Die tschechischen Ortsnamen „Polepy“ und „Přílepy“

Die beiden im Titel genannten tschechischen Ortsnamen sind jüngst – durch Walter Wenzel im onomastikblog vom 5. April 2020 – im Zusammenhang und zusammen mit den drei Ortsnamen Polep, Perlipp und Preilipp neu zur Diskussion gestellt worden. Die tschechischen Namen erweisen sich in der Tat als diskussionswürdig und hochinteressant. Ihre bekanntlich auf modernem wissenschaftlichen Konzept, vorbildlicher Akribie und reicher Erfahrung beruhenden toponomastischen Erklärungen in den bekannten Kompendien Profous (1947-1960) und Hosák/Šrámek (1970-1980) bieten auch hier einen festen Boden für kritischen Nachvollzug, allerdings, wie zu zeigen sein wird, mit einem Kuriosum. Vorauszuschicken ist, daß bei der Erklärung dieser Namen überwiegend von der Wurzel *lěp– des Verbs *lěpiti ›kleben‹ ausgegangen wird.

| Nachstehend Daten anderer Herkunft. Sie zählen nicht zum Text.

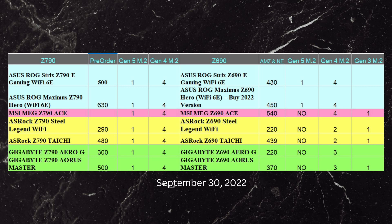The first is the ASUS ROG Strix Z790-E Gaming Wi-Fi, on pre-order on Newegg for $500. It has one Gen5 and four Gen4 M.2 slots. Looking at the equivalent Z690 board — same name except it's a 690 — it also has one Gen5 and four Gen4s, priced around $430. So there's not much of a difference between those two as far as the M.2 slots go.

1Polepy: 1343 in Polip; 1371 de Polipp, in Polipp; 1382 de Polep und 2Polepy/dt. Polep: um 1227 Polepi; 1367 ves Polepy, v Polepích. Die Belege zu 1Polepy beruhten auf dem Iterativum *polipati bzw. *polěpiti ›bekleben, bestreichen‹, und der Name Polipy bzw. Polepy bedeute ›Dorf von Leuten, die [etwas] bekleben (wohl für den Vogelfang)‹, so sinngemäß in Profous (1947-1960: III, 424).

1Přílepy: 1399 de Przyelep; 1400 in Przielep; 1489 v Przielepiech; 1574 ves Přílepy. Profous. Nach Profous (1947-1960: III, 478) ›Dorf der sehr feinen, eleganten Leute‹ zu atsch. přelepý ›velmi lepý, způsobný, sehr fein, artig, elegant‹. Volksetymologisch werde der Name als ›quasi angeklebt an den sich über dem Dorf erhebenden Felsen‹ gedeutet (zu přilepiti ›ankleben‹; ohne Quellenangabe).

2Přílepy: 1327 Wlastiborius de Prilep bona in Prilep vendit monio in Osek; 1341 Przilep, 1436 Přílepy. Profous (1947-1960: III, 478).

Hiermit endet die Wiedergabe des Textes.